As to matters of fact material to our opinions, we have, to the extent we deemed such reliance appropriate, relied upon certificates of officers of the Company and of public officials with respect to the Company.
Based upon and subject to the foregoing, and having regard for legal considerations that we deem relevant, we are of the opinion that:
(1) with respect to any Warrants offered by the Company (the “Offered Warrants”), assuming (a) the due authorization thereof; (b) the completion of the Corporate Proceedings with respect thereto; (c) the consistency of the terms thereof with the description of the Warrants contained in the Registration Statement and any applicable prospectus supplement; (d) the due authorization of the shares of Common Stock or Preferred Stock underlying the Offered Warrants; and (e) the due authorization, execution and delivery of the applicable Warrant Agreement by the parties thereto, the Offered Warrants, when duly executed and countersigned in accordance with the applicable Warrant Agreement and delivered in accordance with the applicable Transaction Document approved by the Board, against payment therefor in accordance with such authorization and applicable law and in the manner and for the consideration stated in the applicable Transaction Document, the Registration Statement and the applicable prospectus supplement, will constitute valid and legally binding obligations of the Company, will be entitled to the benefits provided by the applicable Warrant Agreement and will be enforceable against the Company in accordance with their terms, subject, as to enforceability, to any bankruptcy, insolvency, fraudulent conveyance, reorganization, moratorium and similar laws affecting the enforceability of creditors’ rights generally and to court decisions with respect thereto and to general principles of equity (regardless of whether such enforceability is considered in a proceeding in equity or at law); and
(2) with respect to any series of Debt Securities offered by the Company (the “Offered Debt Securities”), assuming (a) the due authorization thereof; (b) the completion of the Corporate Proceedings with respect thereto; (c) the consistency of the terms thereof with the description of the Debt Securities contained in the Registration Statement and any applicable prospectus supplement; and (d) the Indenture and any applicable supplemental indenture thereto has been duly authorized, validly executed and delivered by the parties thereto, the Offered Debt Securities, when duly executed and delivered and authenticated in accordance with the Indenture and when payment therefor is received, will constitute valid and legally binding obligations of the Company, enforceable against the Company in accordance with their terms, subject, as to enforceability, to any bankruptcy, insolvency, fraudulent conveyance, reorganization, moratorium and similar laws affecting the enforceability of creditors’ rights generally and to court decisions with respect thereto and to general principles of equity (regardless of whether such enforceability is considered in a proceeding in equity or at law).

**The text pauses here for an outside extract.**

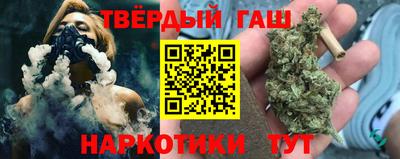 ПСИЛОЦИБИНОВЫЕ ГРИБЫ Севастополь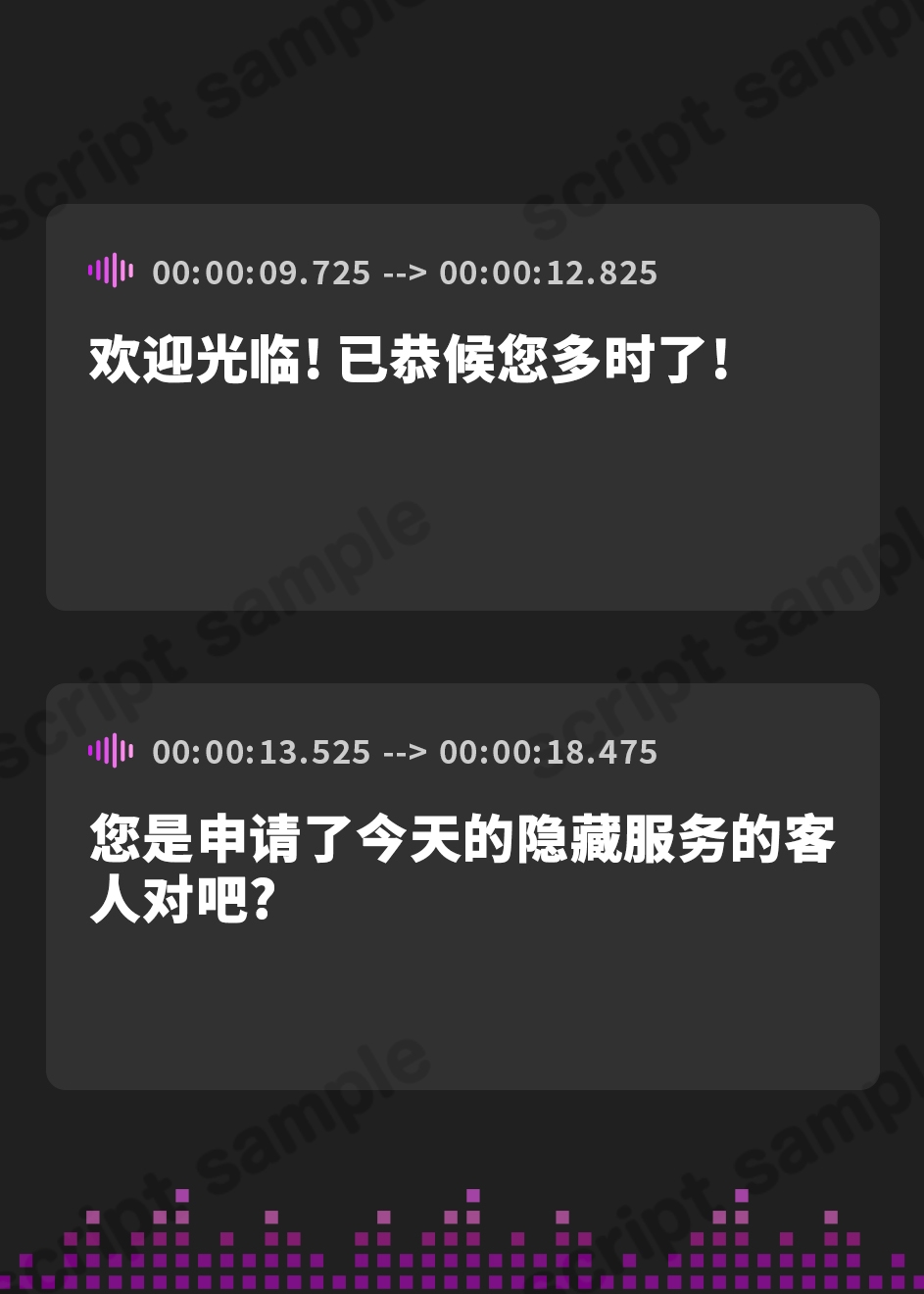 【簡体中文版】【28日間限定イラスト】魔族×リフレ×世界征服 ～バステトちゃんのドキドキ裏オプション～～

In rendering the opinion in paragraph (2), we have assumed that the trustee is or, at the time the applicable Indenture is signed, will be qualified to act as trustee under the applicable Indenture and the Indenture Act, and that the trustee has or will have duly executed and delivered the applicable Indenture.
We express no opinions concerning (i) the validity or enforceability of any provisions contained in the Indenture that purport to waive or not give effect to rights to notices, defenses, subrogation or other rights or benefits that cannot be effectively waived under applicable law; or (ii) the enforceability of indemnification provisions to the extent they purport to relate to liabilities resulting from or based upon negligence or any violation of federal or state securities or blue sky laws.
The foregoing opinions expressed herein are limited to matters governed by the federal laws of the United States of America and the laws of the State of New York and we are expressing no opinion as to the effect of the laws of any other jurisdiction, domestic or foreign. In rendering the foregoing opinions, we are not passing upon, and assume no responsibility for, any disclosure in the Registration Statement or any related prospectus supplement, pricing supplement, term sheet or other offering material regarding the Company or the Securities or their offering and sale.
The opinions and statements expressed herein are as of the date hereof. We assume no obligation to update or supplement this opinion to reflect any facts or circumstances that may hereafter come to our attention or any changes in applicable law that may hereafter occur.
We hereby consent to the filing of this opinion with the Commission as Exhibit 5.1 to the Registration Statement. We also consent to the reference to our firm under the heading “Legal Matters” in the Registration Statement. In giving this consent, we do not thereby admit that we are in the category of persons whose consent is required under Section 7 of the Act or the rules and regulations of the Commission.